Short text fragments from websites →
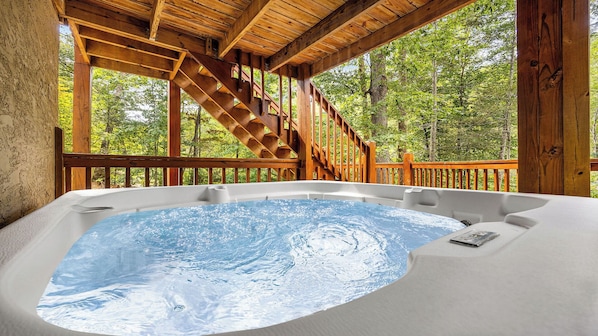Outdoor spa tub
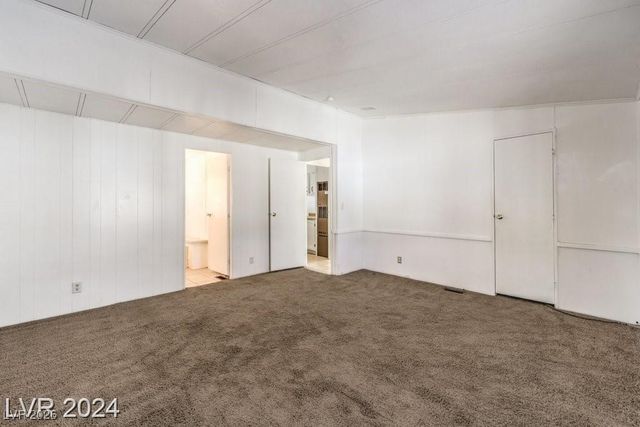 3350 Isle Royale Drive, Las Vegas, NV 89122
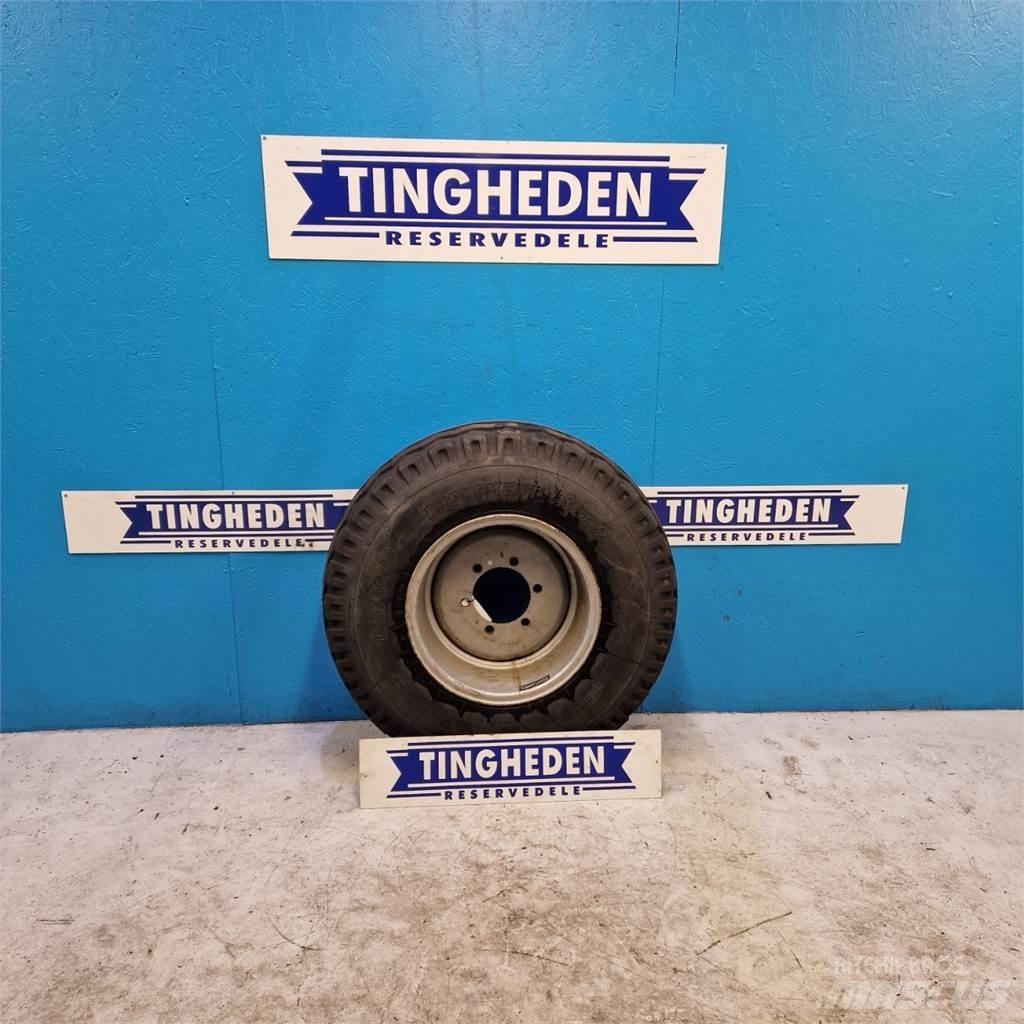  18 12.5/80-18 Tires, wheels and rims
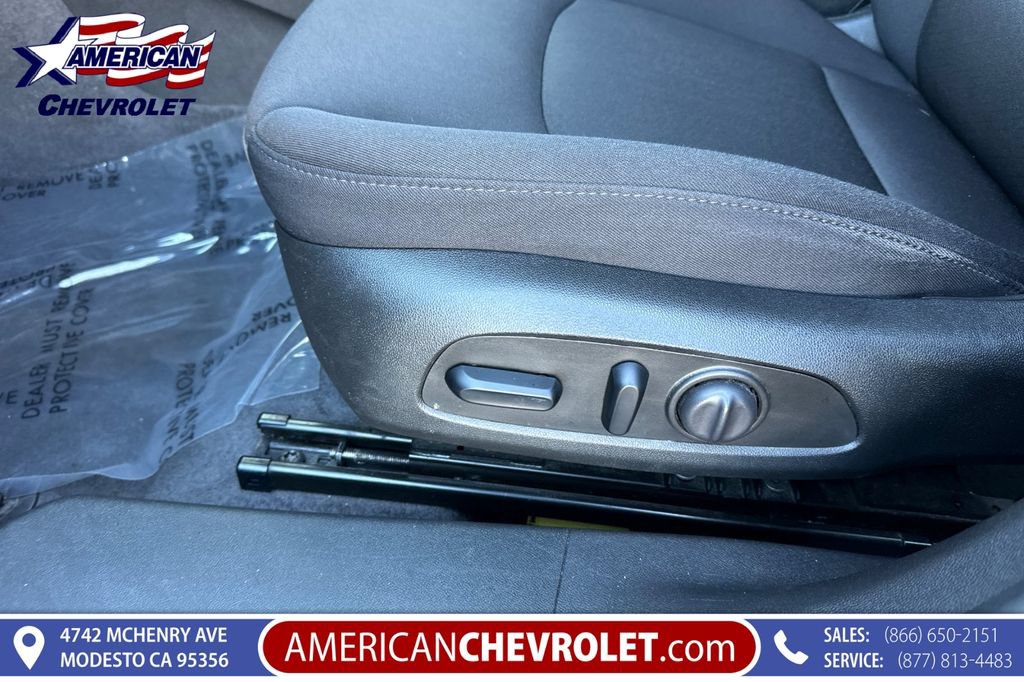 Used 2023 Chevrolet Malibu LT FWD image 14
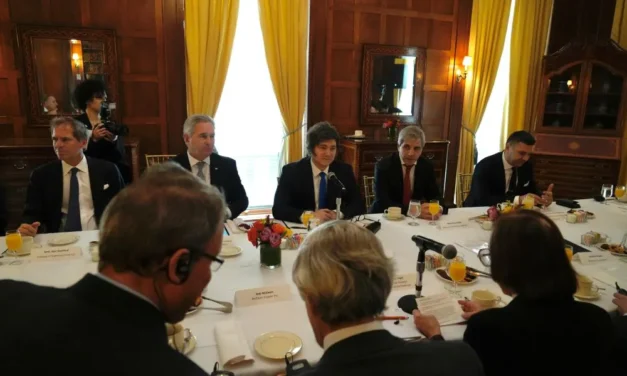 Javier Milei mantuvo en Nueva York un encuentro con empresarios y los alentó a invertir en Argentina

Task instructions → Each line from the one containing "3350 Isle Royale Drive, Las Vegas, NV 89122" through the last line of the entries above is to be extracted exactly. Pictures are not part of the copy.

Answer to this exercise →
 3350 Isle Royale Drive, Las Vegas, NV 89122
  18 12.5/80-18 Tires, wheels and rims
 Used 2023 Chevrolet Malibu LT FWD image 14
 Javier Milei mantuvo en Nueva York un encuentro con empresarios y los alentó a invertir en Argentina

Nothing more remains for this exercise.